Il est aussi vrai que le discours alarmiste de certains chefs d’entreprise peut aboutir à une forme de psychose collective. La consommation pourrait prendre un sale coup. Ce qui d’ailleurs serait préjudiciable au monde des affaires.

La peur de perdre son emploi, couplé à celle de voir son salaire gelé, contribue à enfermer le salarié dans une sorte d’hantise alors que le potentiel entrepreneur, surtout s’il veut se lancer dans une PME, risque fort de renoncer avant même d’avoir essayé.

Dans cette lutte entre le Capital et le Travail, il ne fait aucun doute que le Capital aura toujours l’avantage. Surtout lorsqu’on évolue au sein d’une économie de marché.
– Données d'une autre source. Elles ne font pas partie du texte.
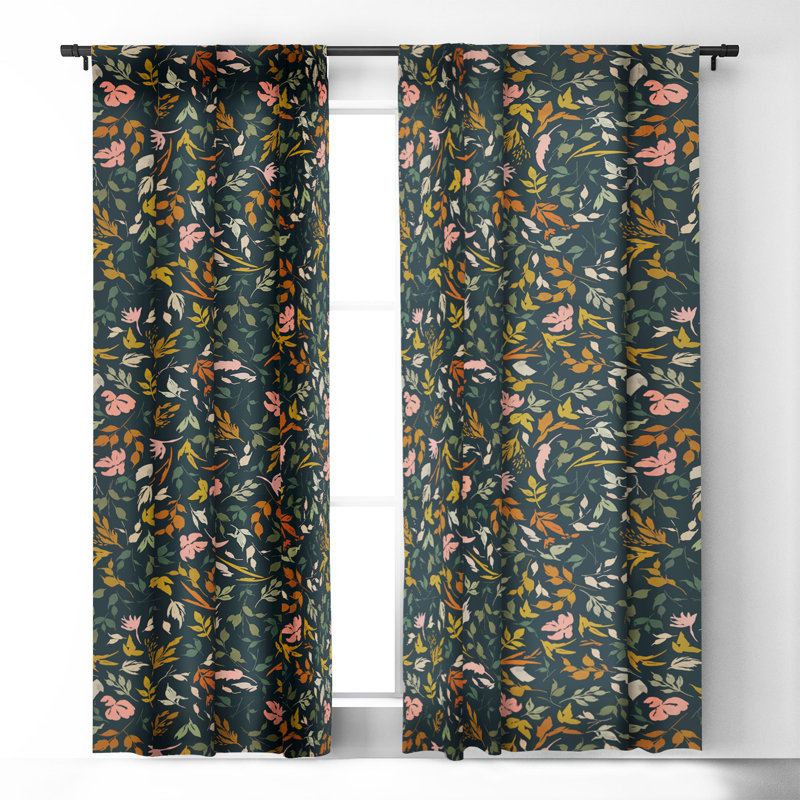 Wild Leaves Nature Dark Blackout Polyester Window Panel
Il n’en demeure pas moins que le monde du travail, après avoir connu un déréglage, nécessite un réagencement. Un réagencement qui se fait un peu plus au profit du salarié.

Le profit, ce n’est pas la seule prérogative du patronat…

L’objectif étant, en fin de compte, de s’assurer que la transformation de l’univers du travail se fasse pour qu’à la fois Capital et Travail puissent faire face à ce monde en crise. Autrement l’attelage de la réflexion sur l’économie pourrait devenir un tortillard.